§ **DATA BLOCK**:

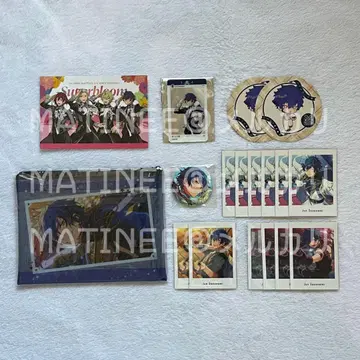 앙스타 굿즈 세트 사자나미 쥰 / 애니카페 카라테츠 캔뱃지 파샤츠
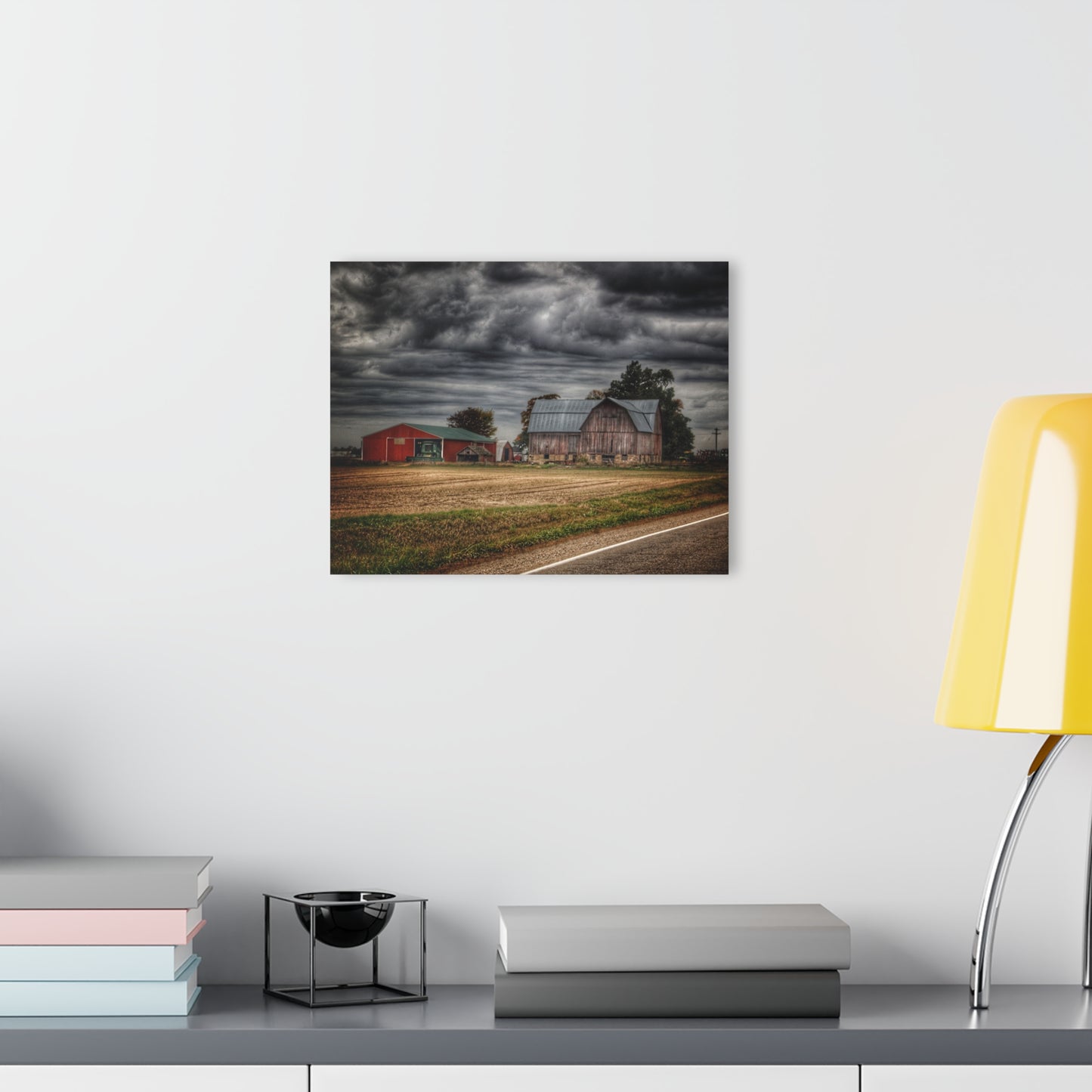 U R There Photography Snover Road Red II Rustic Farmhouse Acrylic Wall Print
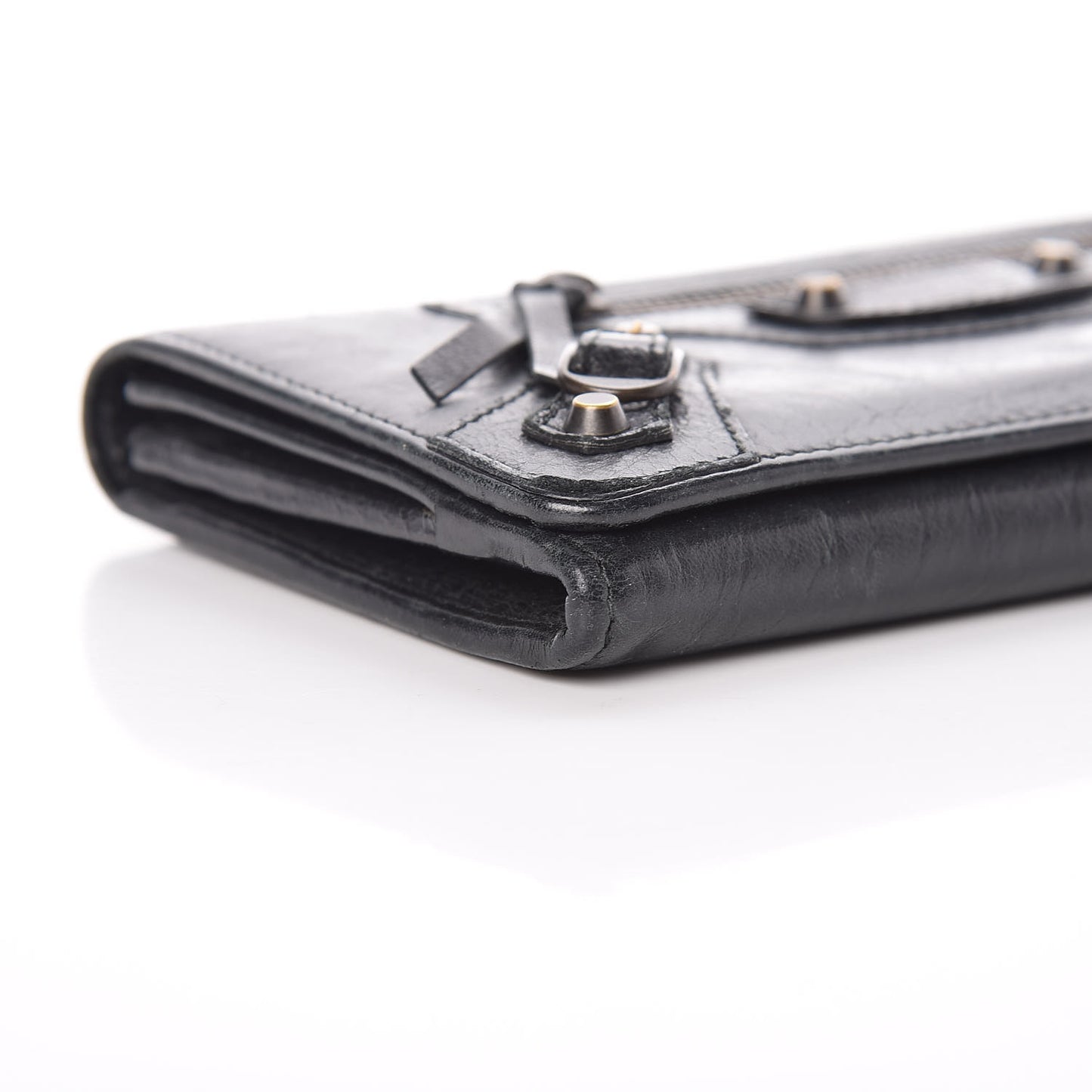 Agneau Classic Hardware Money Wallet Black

§ **YOUR TASK**: The final stretch of the data, from the line with "U R There Photography" through its last line, is to be retyped exactly; pictures are not part of the copy.

§ **RESPONSE AREA**:
 U R There Photography Snover Road Red II Rustic Farmhouse Acrylic Wall Print
 Agneau Classic Hardware Money Wallet Black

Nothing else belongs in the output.